The new European Works Council Directive (EWC Directive) strengthens communication between EWC members and the workers they represent. HP/EDS management claims that dialogue with the EWC is indeed a priority and that it respects the applicable laws with regard to information and consultation of workers. In reality however, the workers’ representatives in the EWC cannot exercise their representative functions since they are denied the right to report back to the workers they represent. It is clear that HP/EDS management is simply paying lip service to the Directive and this is totally unacceptable to the UNI-Europa and EMF trade union representatives who gathered in Brussels recently.

HP/EDS management is not willing to develop a constructive social dialogue at European or national levels. There has been much evidence from different countries in recent weeks to show that it is only prepared to enter discussions when trade unions start taking legal steps or mobilising workers. This attitude is really regrettable and leads to frustration and anger among the European workforce.  They stress that the company’s growth is no longer geared to R&D or an innovative industrial strategy, which again puts the long-term viability of HP/EDS at stake.

UNI-Europa and EMF will again approach central management, urging it to allow workers’ representatives to effectively fullfil their duties towards the workers they represent and ensure effective information and consultation processes.

The two organisations will ask the EU Commission to investigate this case further. European trade union coordination will evidently be maintained and further protest actions will be envisaged.

In May 2008, HP acquired Electronic Data Systems EDS for $13.9 billion. In September 2008, HP announced a restructuring programme for the EDS business group. HP stated that the restructuring programme will take place over three years and includes a workforce reduction. The workforce reduction plans announced by HP “will vary by country, based on local legal requirements and consultation with works councils and employee representatives, as appropriate. Approximately 7.5 percent of the combined company’s workforce, or about 24,600 employees, will be affected over the course of the program, with nearly half of the reductions occurring in the United States. HP will provide employees affected by this restructuring program with severance packages, counseling and job placement services.” Trade unions  throughout the continent have protested against the HP/EDS restructuring plan, and its consequent salary freeze, benefit cuts and redundancies.

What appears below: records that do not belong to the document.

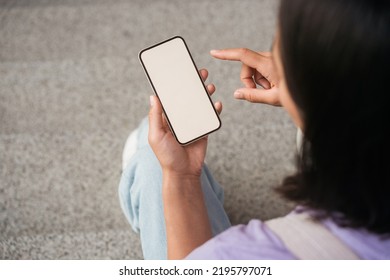 Woman hand holding mobile phone shopping online looking at empty display sitting outdoors, selective focus. Modern female using mobile app, pointing finger. Mockup  - Powered by Shutterstock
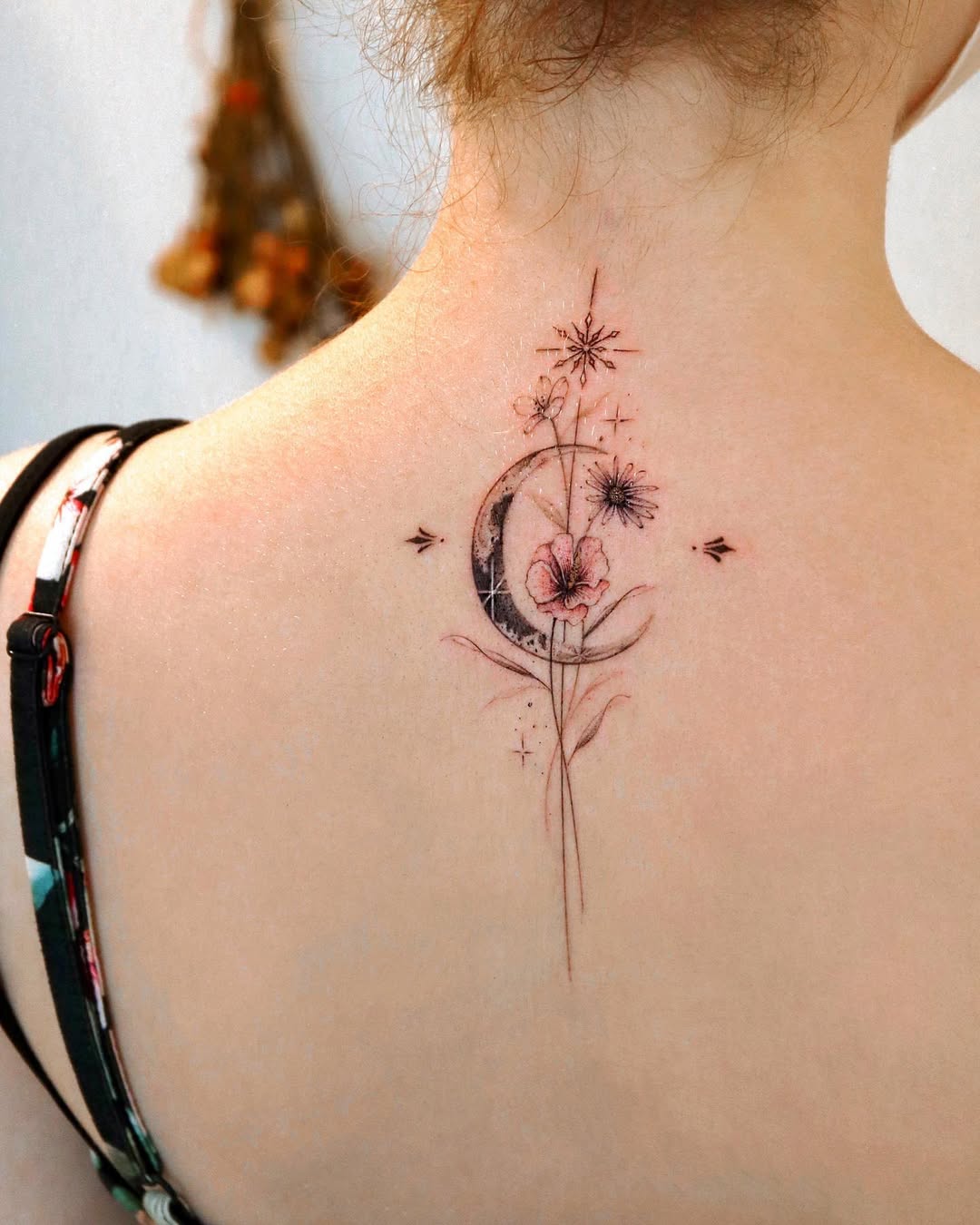 Delicate moon and floral spine tattoo design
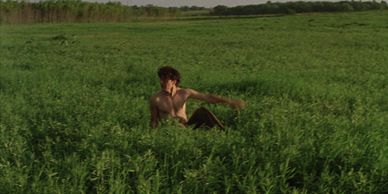 A person sitting in a green field.
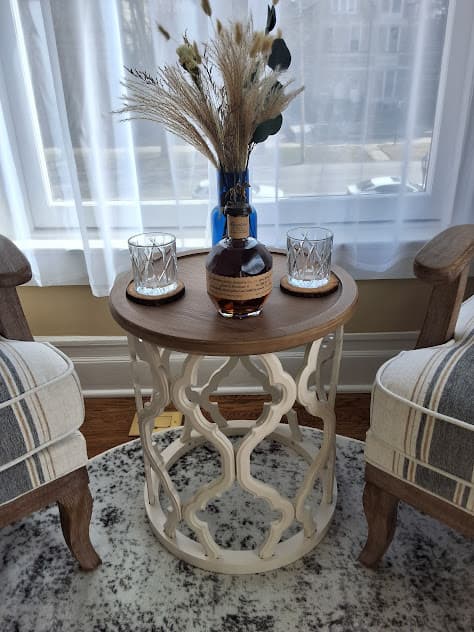Sitting area with end table flanked by upholstered chairs in front of a window with white sheer curtain.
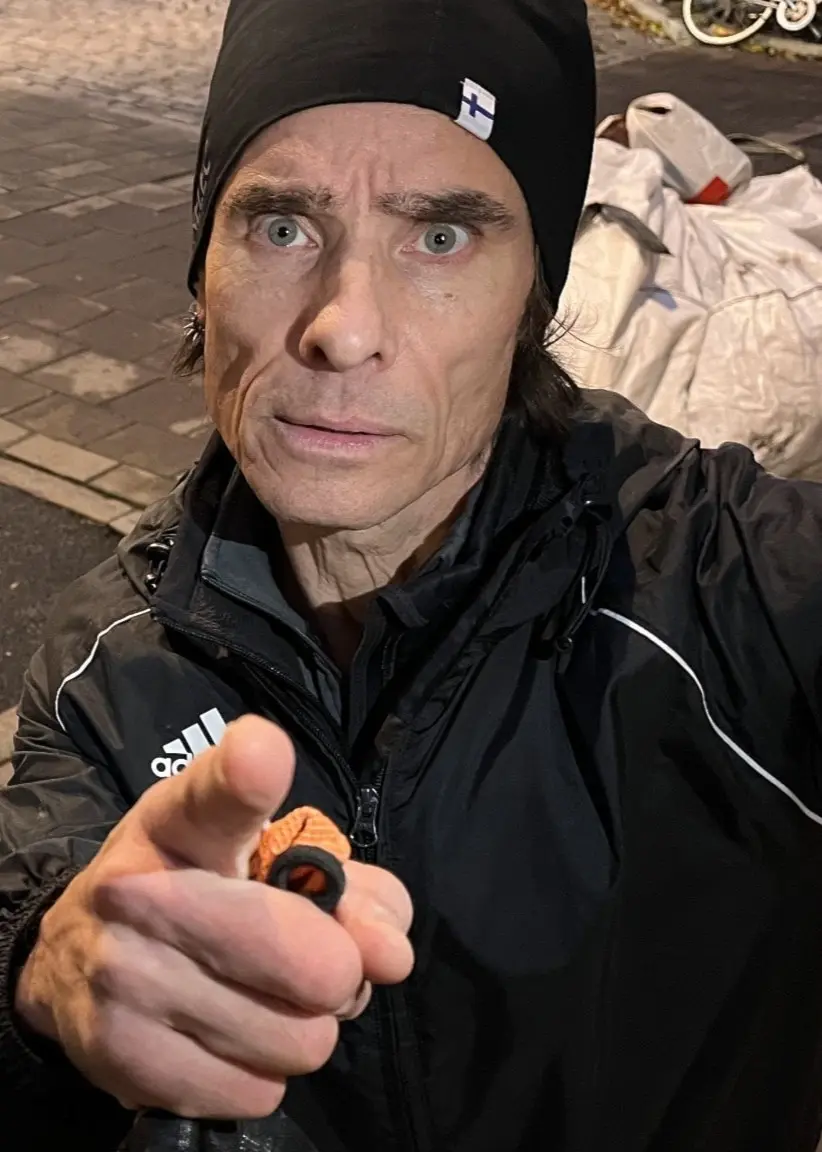 Kändisprofilen Peter Siepen står på en trottoar där det ligger en byggsäck med skräp från ett byggprojekt. Han pekar in i kameran och ser upprörd ut.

On 23 April 2009 the Council adopted a revised directive on European Works Councils (EWCs) following the Parliament’s first-reading agreement on the recast version during its plenary in December 2008. The recast of the directive is aimed at increasing the presence and effectiveness of EWCs across the European Union and at tightening the definitions of information and consultation of workers. Following the court judgements in the Vilvoorde, British Airways and Marks&Spencer cases, the Parliament clarified the definition of ‘transnational’. It decided that when a decision of closure or restructuring is taken in one Member State but affects the workers in another, it must be considered transnational. Matters that concern the entire undertaking or group or at least two Member States, are considered to be transnational. Member States must also ensure that in the event of a failure to comply with the EWC Directive sanctions are ‘adequate, proportionate and dissuasive’. Of major importance to the trade unions was the decision that European social partners now have the right to be informed when a request for setting up an EWC is made. Following the publication the Member States will have two years to implement the new rules at national level. On 16 May the final EWC directive recast text was published in the EU’s Official Journal.